Originally developed as a rehab tool for World War I soldiers, Pilates places a strict emphasis on mobility, stability, proper form, body alignment, and mind-muscle connection. This makes it an incredible workout “for anyone who wants to enhance their on a regular basis functional movement habits or their sport,” Lynda Gehrmanowner and director of BASI Pilates Academy in New York City and a Pilates teacher trainer, tells SELF. You can do that through specialized resistance machines, just like the Reformer, or on a mat using just your individual body weight (and possibly a prop or two, like light weights, rings, or exercise balls).

If you strength train, you’re probably already conversant in some common Pilates moves, which include planks, squats, lunges, glute bridges, arm circles, leg circles, and crunch variations. So it holds to reason that Pilates is a type of strength training…. Right?

Yes, but with an asterisk. While research has found Pilates to be effective for constructing each strength and muscle—two outcomes we generally consider with strength training—it’s probably helpful to dig slightly deeper.

For one, within the broadest terms, strength training may be defined as anything that simply makes your body —principally, anything that enables your muscles to finish tasks at hand just slightly bit easier, Pilates instructor Laurence Agénor, DPT, cofounder and clinical director at The Wellness Den by Cynergy Physical Therapytells SELF. This is where Pilates, in addition to other activities like yoga, barre, and general weight lifting, all qualify, Dr.
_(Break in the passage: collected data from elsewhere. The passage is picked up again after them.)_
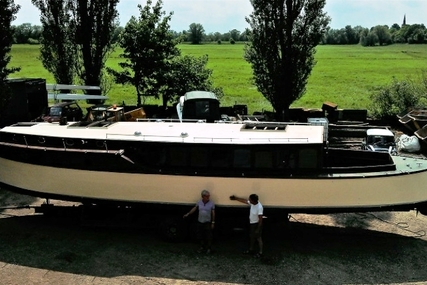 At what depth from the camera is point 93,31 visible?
2728 centimetres

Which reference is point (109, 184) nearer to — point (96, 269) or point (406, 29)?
point (96, 269)

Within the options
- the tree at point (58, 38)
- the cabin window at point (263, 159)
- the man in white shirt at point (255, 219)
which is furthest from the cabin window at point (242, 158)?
the tree at point (58, 38)

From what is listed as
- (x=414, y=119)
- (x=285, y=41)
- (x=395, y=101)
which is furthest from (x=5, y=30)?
(x=395, y=101)

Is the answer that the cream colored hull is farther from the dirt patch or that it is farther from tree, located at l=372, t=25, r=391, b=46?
tree, located at l=372, t=25, r=391, b=46

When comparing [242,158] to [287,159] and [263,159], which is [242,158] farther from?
[287,159]

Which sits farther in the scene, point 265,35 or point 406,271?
point 265,35

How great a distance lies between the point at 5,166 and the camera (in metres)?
13.1

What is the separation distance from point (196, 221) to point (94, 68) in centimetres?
1794

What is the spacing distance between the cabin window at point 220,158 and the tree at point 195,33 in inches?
4645

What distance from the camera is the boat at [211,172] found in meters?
11.6

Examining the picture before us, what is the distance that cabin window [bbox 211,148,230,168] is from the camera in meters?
11.8

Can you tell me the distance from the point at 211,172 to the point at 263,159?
127 cm

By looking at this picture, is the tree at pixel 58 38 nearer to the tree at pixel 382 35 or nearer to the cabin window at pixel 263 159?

Agénor explains.

Pilates places a specific emphasis on eccentric muscle contractions (once they are lengthened under load, like lowering right into a squat) to construct strength, Gerhman says—think moves like leg circles and the elephantwhich hit your hamstrings while they’re stretched. But because Pilates exercises also require numerous stability, either your core or your limbs are just about also working isometrically (when the muscle holds still under load, like hanging out in the underside of a squat) whenever you’re performing any movement. Finally, Pilates also uses concentric contractions (when your muscle shortens under load, like whenever you rise up from a squat), so it encompasses the entire three major contractions vital to assist your muscles get stronger.